Concretely, whenever we discover multiple traversals of one route, we calculate a simple ephemerality statistic for each lidar point, which characterises the change of its local neighbourhood across traversals. We cluster lidar points according to their coordinates and ephemerality statistics. Resulting clusters with high ephemerality statistics, and located on the ground, are considered as mobile objects and are further fitted with upright bounding boxes.
Self-training (ST)
While this initial seed set of mobile objects is not exhaustive (e.g. parked cars may be missed) and somewhat noisy in shape, we demonstrate that an object detector trained upon them can already learn the underlying object patterns and is able to output more and higher-quality bounding boxes than the seed set. This intriguing observation further opens up the possibility of using the detected object boxes as ‘better’ pseudo-ground truths to train a new object detector.
We show that such a self-training cycle enables the detector to improve itself over time; notably, it can even benefit from additional, unlabelled data that do not have multiple past traversals associated to them.
We validate our approach, MODEST (mobile object detection with ephemerality and self-training ) on the Lyft level 5 perception dataset and the nuScenes dataset with various types of detectors. We demonstrate that MODEST yields remarkably accurate mobile object detectors, comparable to their supervised counterparts.

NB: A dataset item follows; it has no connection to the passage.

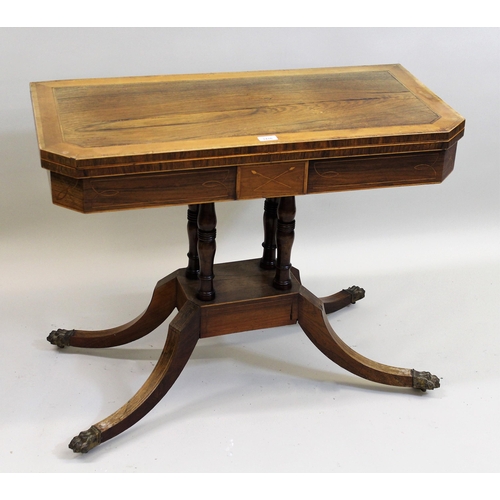 1476 - Regency rosewood and satinwood crossbanded fold-over card table on a cluster column support, with sa... 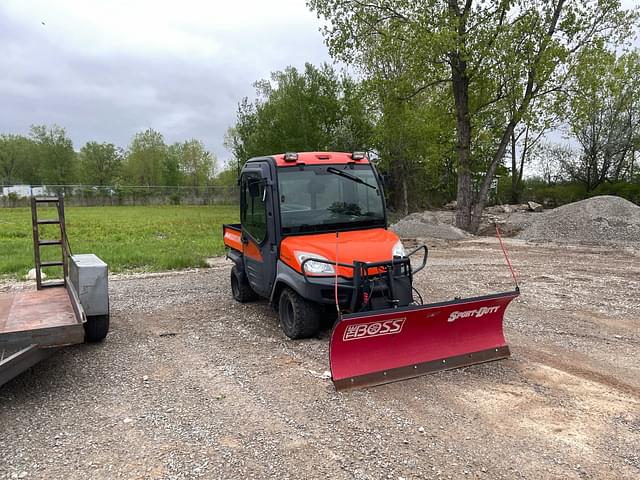 Image of Kubota RTV-1100 equipment image 2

Concretely, our contributions are three-fold:
Related works
We seek to build object detectors without any human supervision. We briefly discuss several related research areas.
3D object detection and existing datasets
Most existing 3D object detectors take 3D point clouds generated by lidar as input. They either consist of specialised neural architectures that can operate on point clouds directly or voxelise the point clouds to leverage 2D or 3D convolutional neural architectures. Regardless of the architectures, they are trained using supervision and their performances hinges directly on the training dataset.
However, the limited variety of objects and driving conditions in existing autonomous driving datasets impedes the generalisability of the resulting detectors. Generalising these to new domains requires a fresh labelling effort. In contrast, our unsupervised approach automatically discovers all the traffic participants, and can be used to train detectors in any new condition without any labelling.
Unsupervised object discovery in 2D/3D
Our work follows prior work on discovering objects both from 2D images as well as from 3D data. A first step in object discovery is to identify candidate objects, or ‘proposals’ from a single scene/ image. For 2D images, this is typically done by segmenting the image using appearance cues, but colour variations and perspective effects make this difficult. Tian et al exploits the correspondence between images and 3D point clouds to detect objects in 2D.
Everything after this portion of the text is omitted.